TASK STATEMENT: Within the records below, find the line with "Capinha para Celular Polaroid Tira" and the line with "Kajika Harumi", then reproduce exactly those two lines and all lines between them, without any picture.

MATERIAL FOR THIS EXERCISE:
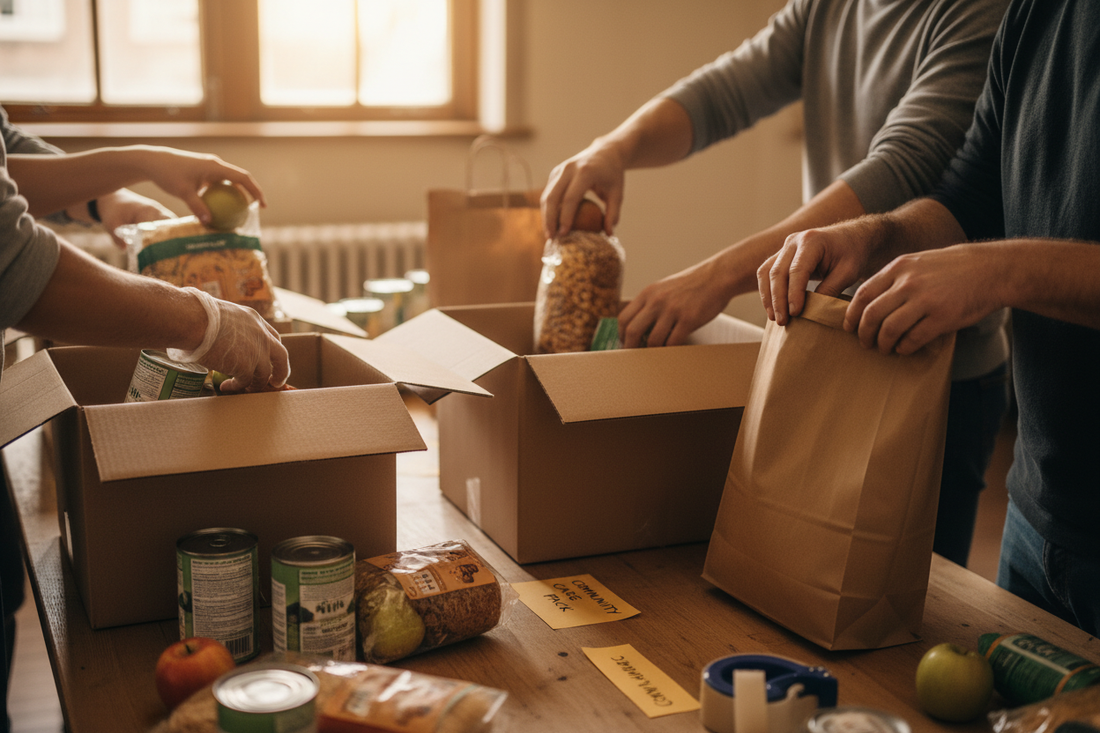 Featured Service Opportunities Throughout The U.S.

--

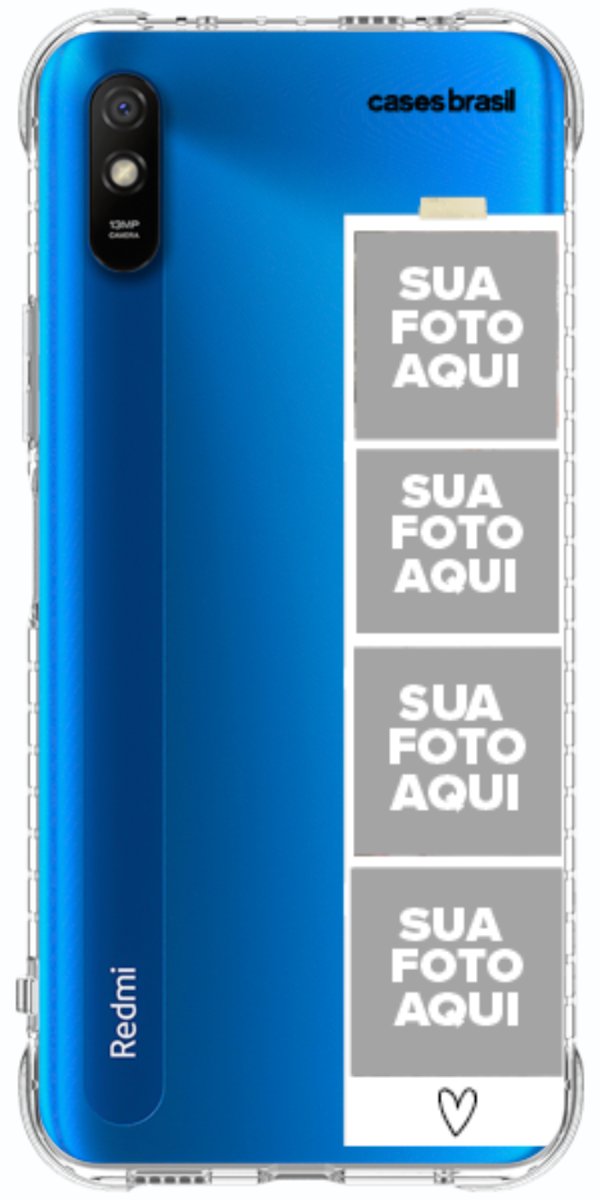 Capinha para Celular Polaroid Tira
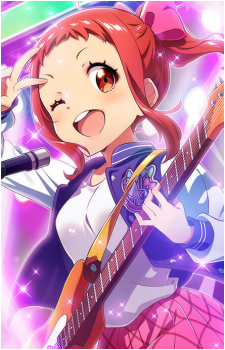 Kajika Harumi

RESPONSE TO THE TASK:
 Capinha para Celular Polaroid Tira
 Kajika Harumi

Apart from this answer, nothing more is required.